Precisamente, la carga no se alivia activando las armas, sino fomentando los encuentros, en lugar de exterminar al enemigo. Hemos de saber que la enemistad lo único que hace es separarnos, levantar muros, excluirnos unos a otros, construir barreras que nos impiden hermanarnos y armonizarnos. Por eso, es importante cambiar de actitudes, transformarnos en ciudadanos del orbe, capaces de prestar auxilio siempre, pues la mejor invitación es la de ser clemente para poder conciliar diversidades y aminorar conflictos, reconciliando divergencias, a veces hasta consigo mismo.
En consecuencia, nos corresponde a cada cual abrirnos a los demás y no ser prisioneros de ese mal que podemos generar. Desde luego, la humanidad en su conjunto, pero además cada individuo en su fuero interno, ha de vencer la actual hipocresía mundana e interrogarse sobre si uno siembra armonía u hostilidad.
Indudablemente, el más efectivo alivio pacificador radica en ser gentes de concordia, en no cosechar cizaña, en parar todas las luchas. Téngase en cuenta que lo único que activan estas operaciones es la destrucción de nuestro propio espíritu humanístico.
A propósito, la Alta Comisionada para los Derechos Humanos, Michelle Bachelet, dijo recientemente estar impresionada de la situación en México: “Sabía de la violencia, pero no tenía impresión de la dimensión”; afirmando, posteriormente, que “sin seguridad no hay derechos humanos, pero sin derechos humanos tampoco hay seguridad”. 
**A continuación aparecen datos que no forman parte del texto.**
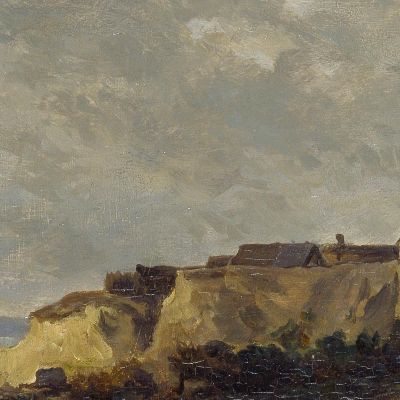 Coastal Landscape In Normandy Villerville-Sur-Mer Charles François Daubigny cfd18 canvas print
Por desgracia, aún nos agitamos más por nuestras haciendas que por actuar con sensatez y sentido común. Ojalá utilizáramos la palabra en su lucidez más poética para aproximarnos y entendernos. ¡Ay los vicios humanos! Jamás utilicemos un vocablo que nos fragmente, nunca, de ningún modo una voz que nos lleve a la guerra, tampoco esparzamos chismes. 
Al respecto, también el Papa Francisco ha dicho en reiteradas situaciones sobre las habladurías que, frecuentemente, tenemos que mordernos la lengua, porque “quien critica es como un terrorista que lanza una bomba y se marcha, destruye: con la lengua se demuele, no se construye la paz. Pero es astuto, ¿eh? No es un terrorista suicida; no, no, él se protege bien”. Claro, y en ocasiones, todavía se lava las manos para que no quede resto alguno. Bravo, pues, por esos alientos conciliadores que están ahí, en cualquier esquina, serenando los ánimos, haciendo camino, creciendo humanamente para que todos colaboremos en este sueño del amor incondicional, de la entrega generosa, hasta verse en el otro que nos mira.